The Pentico James Vasos Family History
My father died in 1981. It was eight years before I opened the box my mother gave me after his funeral – a box with notes from a family history project he’d been working on a few years before his death. I’d heard about Dad’s project and how each day armed with magnifying glass, notebooks, paper and pen he planted himself at the local library to pour over microfilm of old newspapers. At the County Clerk’s office he took notes on the vital statistics for family members he was researching. I wondered what had gotten into him
My only references to Dad’s new found interest in family history were Dad telling us kids we were related to the infamous outlaw, Jesse James and that his mother, Myrtle James was born in Kellogg, Iowa close to our hometown of Carroll.
Myrtle died before my five siblings and I were born but I’d developed a fascination with her when my mother told me Myrtle had seen an image of Jesus at the foot of her bed when she was sick and bedridden. That made her about as famous and interesting to me as Jesse James. As a young girl I tried to make contact with her from the upstairs clothes closet where I knew I’d have some privacy. I’d close the door, step in among all the clothes and say “ Myrtle, Myrtle you don’t know me but I’m your granddaughter, Judy.” When I felt something brush my shoulder I had a strong sense she heard me. I was too afraid to continue and would bolt out of the closet only to do this time and time again.
The first thing I pulled out of Dad’s box was a black notebook. On page one he had printed the name JACOB PENTICO in firm, precise black capital letters. I’d never heard of this man and wasn’t at all interested until I noticed the name Myrtle James a few lines down.
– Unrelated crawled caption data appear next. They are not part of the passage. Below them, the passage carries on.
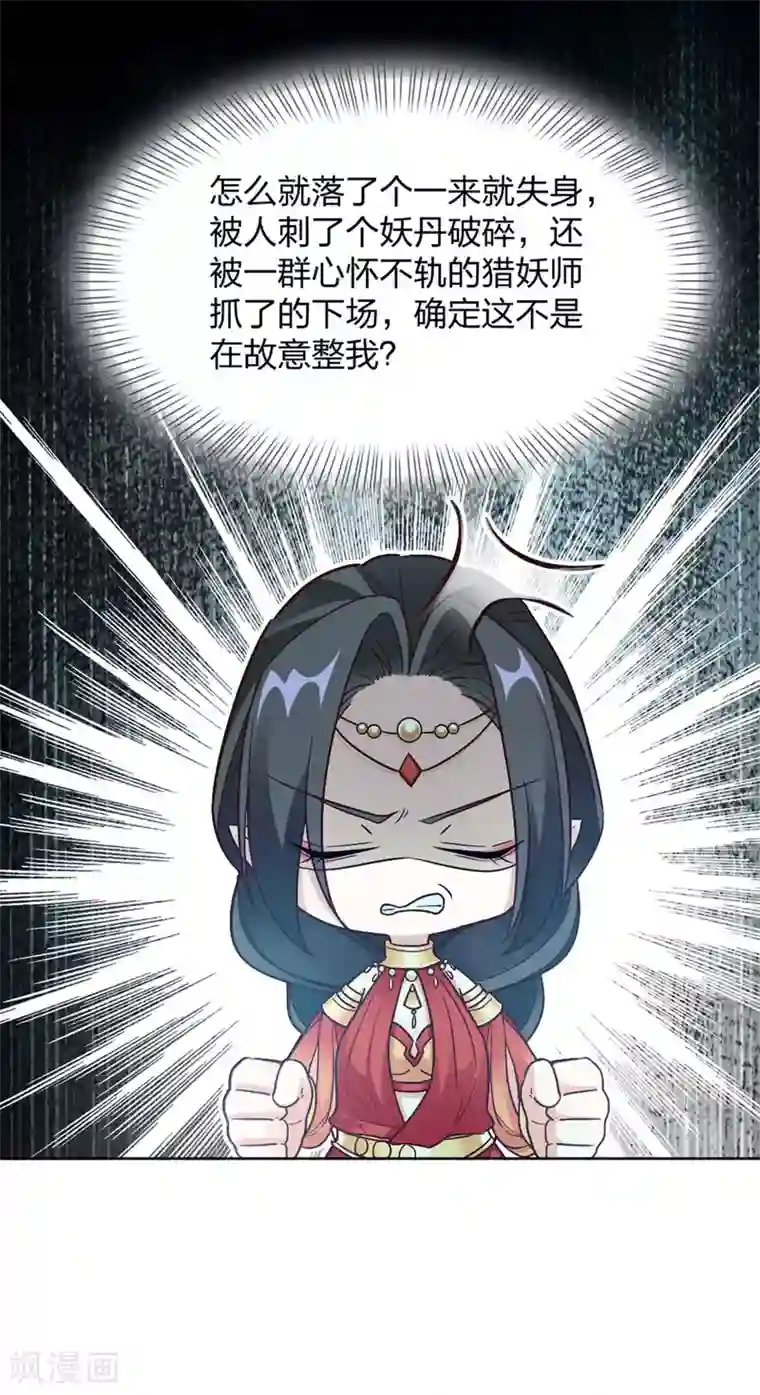 异世美男入我怀第2话 一朝穿越成女妖？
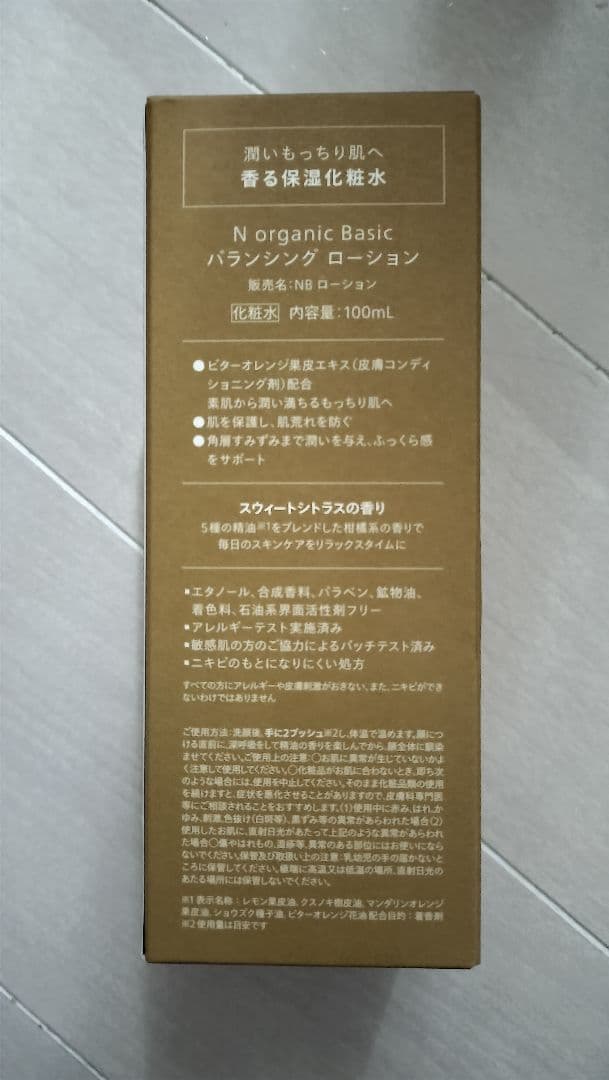 N organic Basic 化粧水・美容液・乳液 ３点セット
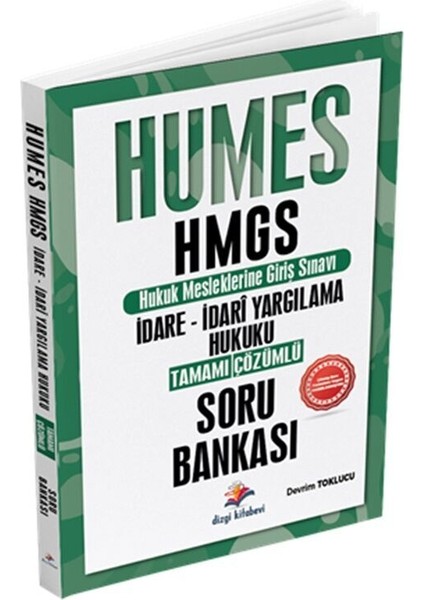 2025 Humes Hmgs Idare Hukuku Idari Yargılama Hukuku Tamamı Çözümlü Soru Bankası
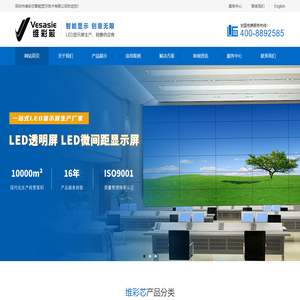 P6户外全彩LED显示屏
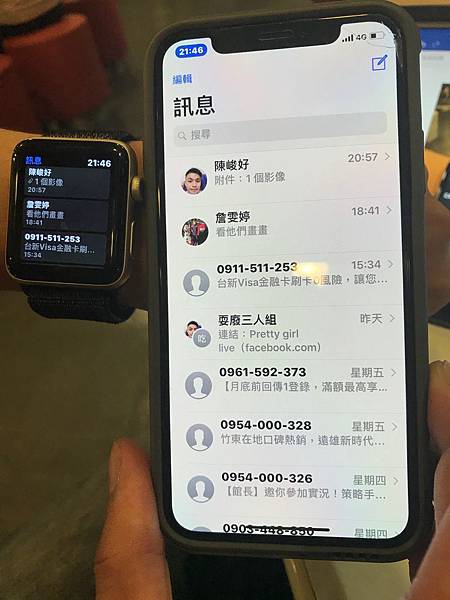 20180628_180628_0061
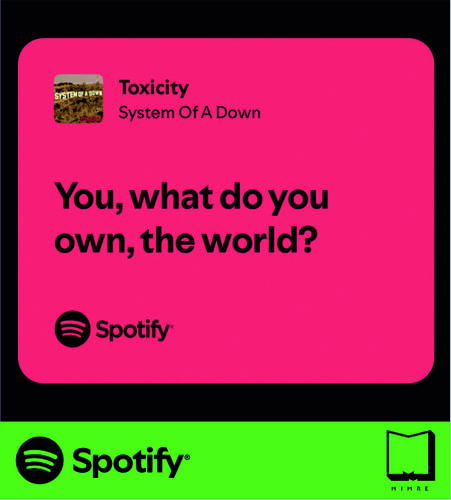 استیکر متن اسپاتیفای spotify1
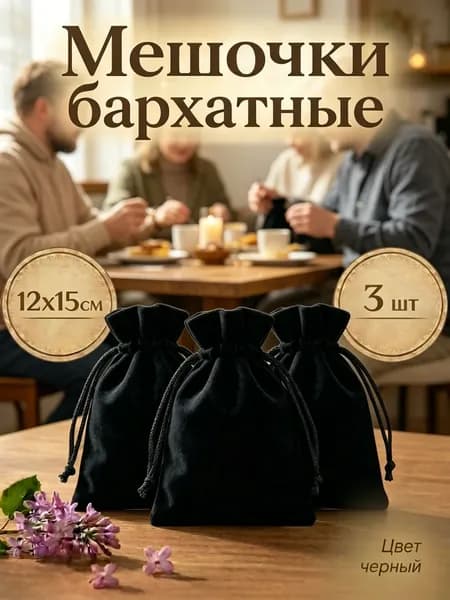 Подарочный пакет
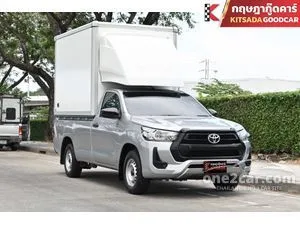 2021 Toyota HILUX REVO 2.4 Entry Single Cab Pickup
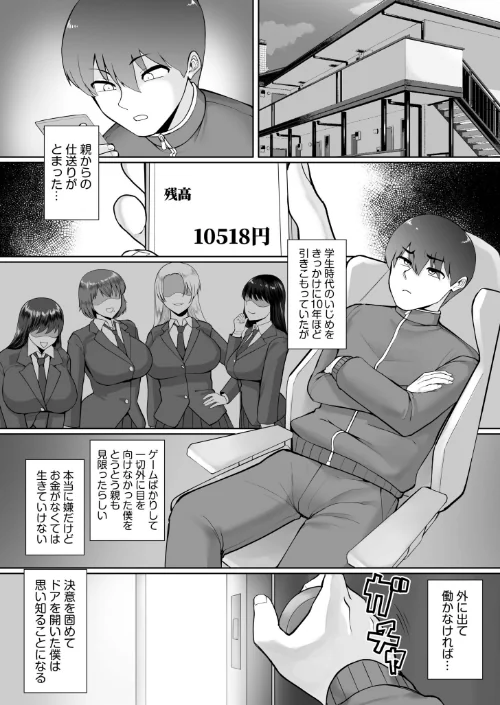 [エロ漫画]ドスケベ人妻たちが支配する世界で俺だけ無双SEXして逆転ハーレムになりました（1）/2026-05-02［商業誌］ 試し読みサンプル 3ページ目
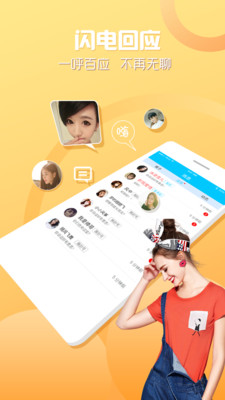 新漂流瓶app2022最新版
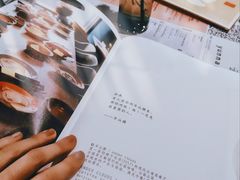 -半山腰·云南菜(侨福芳草地店)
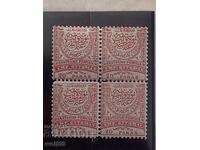 Lot of Rumelia stamps - 1884 (20 para) - Clean with gum - 4 pieces - Lot 1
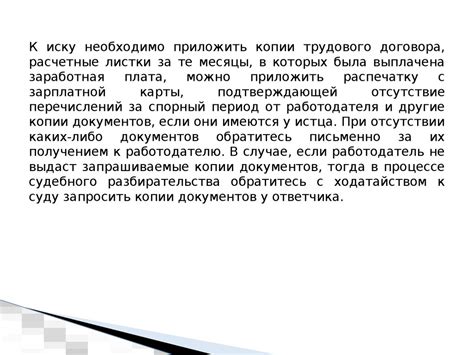 Рекомендации по установлению заработной платы официантам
What did Myrtle have to do with Jacob Pentico? How and where had Dad discovered Jacob’s name and written it down for someone to discover? The mystery of it made my head swirl and I began the long journey that took me to Pierce, Nebraska where Jacob is buried and Pentico descendants live.The internet was not yet the indispensable research tool it is today. I began in the old fashion way by calling the telephone operator for Nebraska and getting as much information as I could about anyone named Pentico. There were many and I wrote each one a letter. To my great surprise, many responded, confirmed we were related and encouraged me to visit Pierce and stay with them.
Knowing there were living relatives turned Dad’s box of notes and photos into a treasure chest. By the time I visited Pierce I had a photo of Jacob, knew he was Myrtle’s grandfather, was in the Civil War, had lived in Kellogg and Carroll before moving to Nebraska where he farmed 160 acres under the 1862 Homestead Act. At trip’s end I had enough material to fill a book, The Pentico James Vasos Family History, now listed with World Cat, the Iowa Historical Society and Nebraska Historical Society. I know Dad would be happy to know someone discovered his notes and added to the story.